**How to complete this task**
From the line that includes "Arrow, Document, File, Synchronize, Syncing, Text" to the last line of the records that follow, copy every line exactly and nothing more, omitting pictures.

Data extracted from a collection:

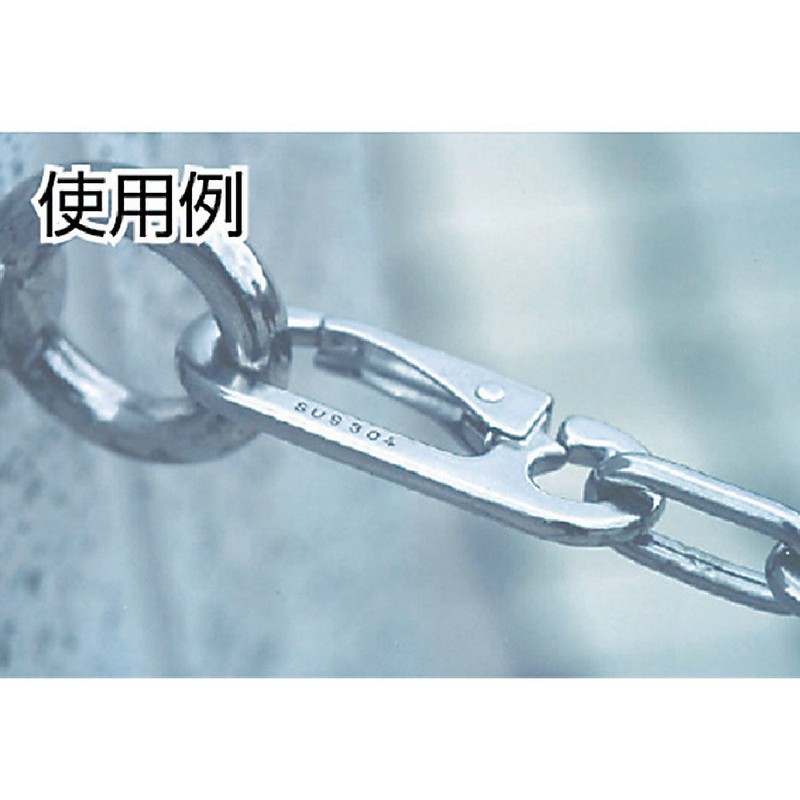 TRUSCO(トラスコ) スナップフック ステンレス製 D型 線径Φ5.5X開口7mm 2個 TSF-5D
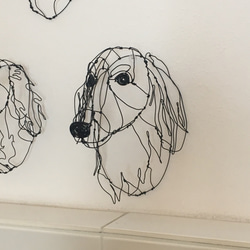 犬 3Dワイヤーアート (オーダー可) 5枚目の画像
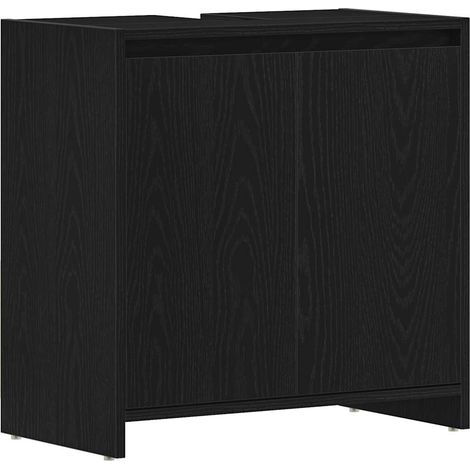 Maison Exclusive - Badschrank Schwarz Eichen-Optik 60x33x61 cm Ho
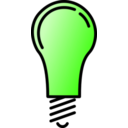 download Lightbulb Lit clipart image with 45 hue color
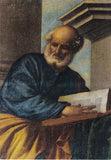 AK Venezia. Basilica dei Frari. S. Pietro - Particolare della celebre Tela di C'a Pesaro. Tiziano.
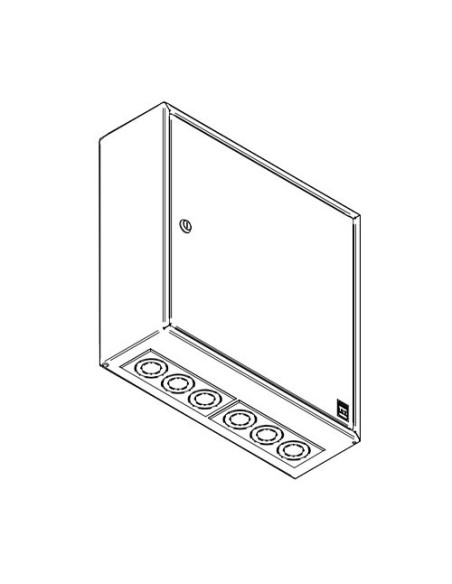 Armario ICT 450x450x150mm registro secundario de 1 puerta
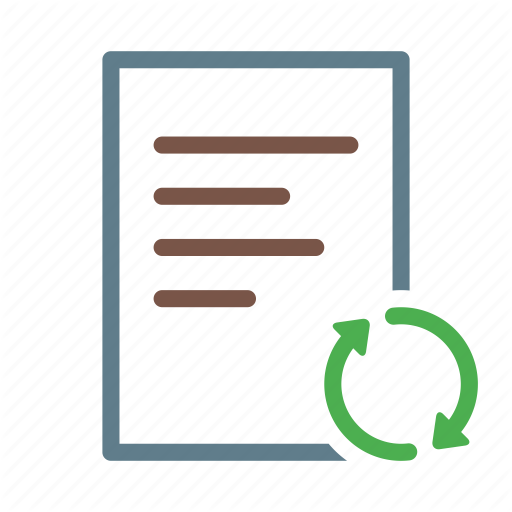 Arrow, Document, File, Synchronize, Syncing, Text Icon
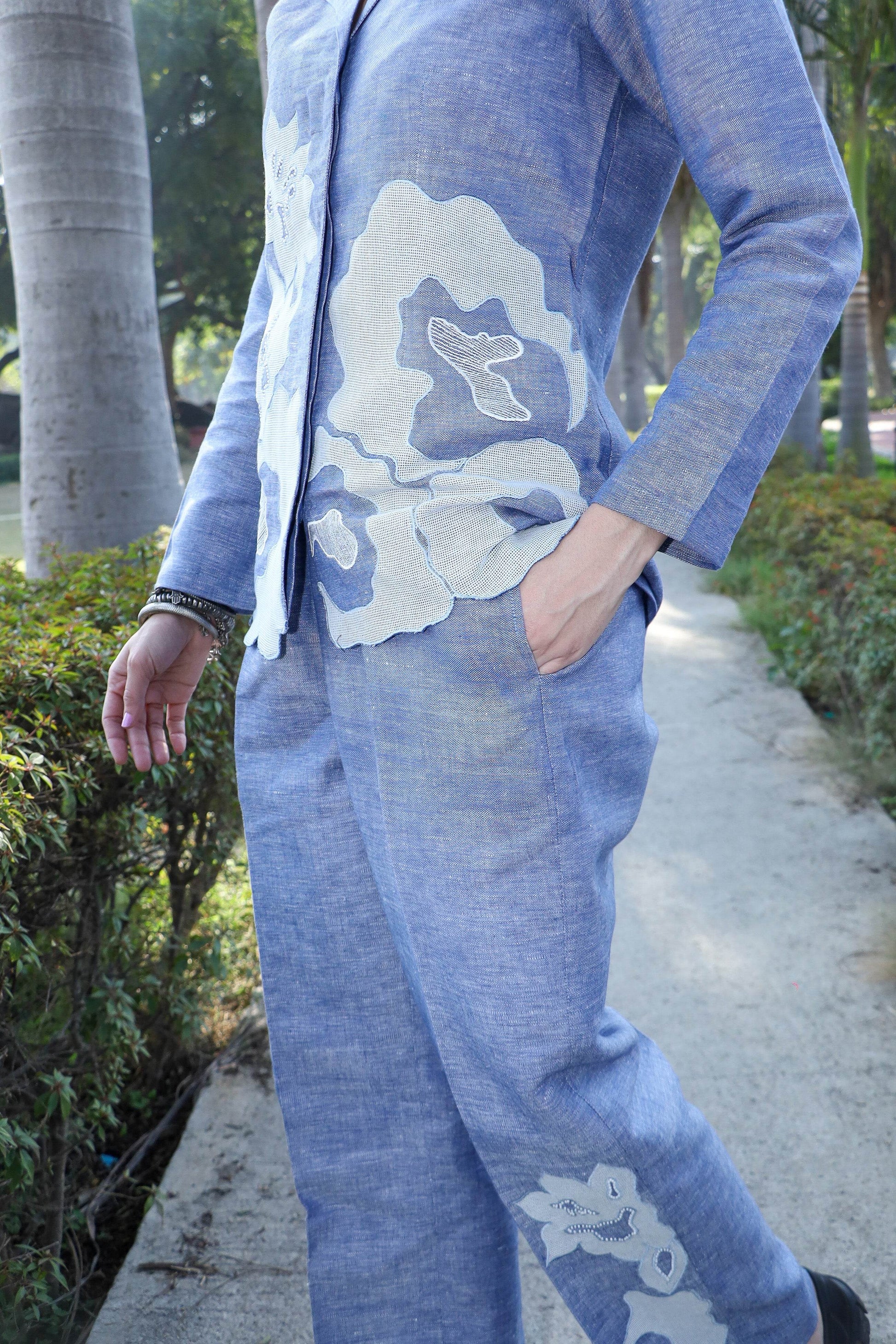 Azure Bloom Co-Ord Set - Seen Unseen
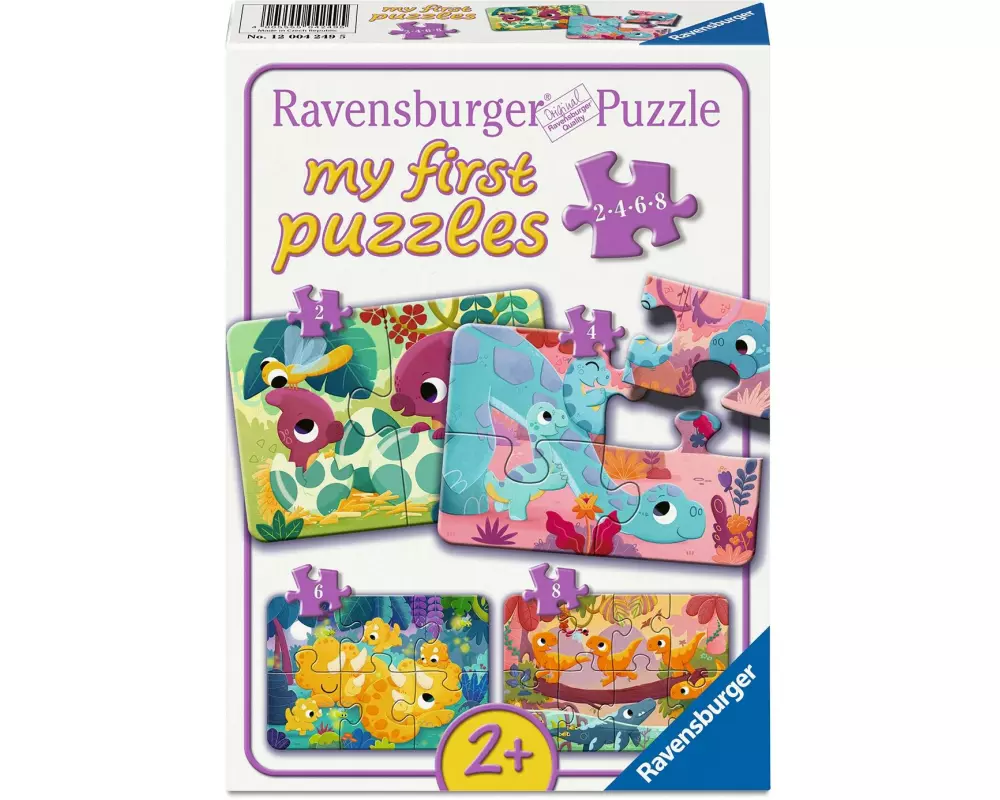 Ravensburger Puzzle Dino-Freunde 2/4/6/8 Teile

**The completed task**
 Arrow, Document, File, Synchronize, Syncing, Text Icon
 Azure Bloom Co-Ord Set - Seen Unseen
 Ravensburger Puzzle Dino-Freunde 2/4/6/8 Teile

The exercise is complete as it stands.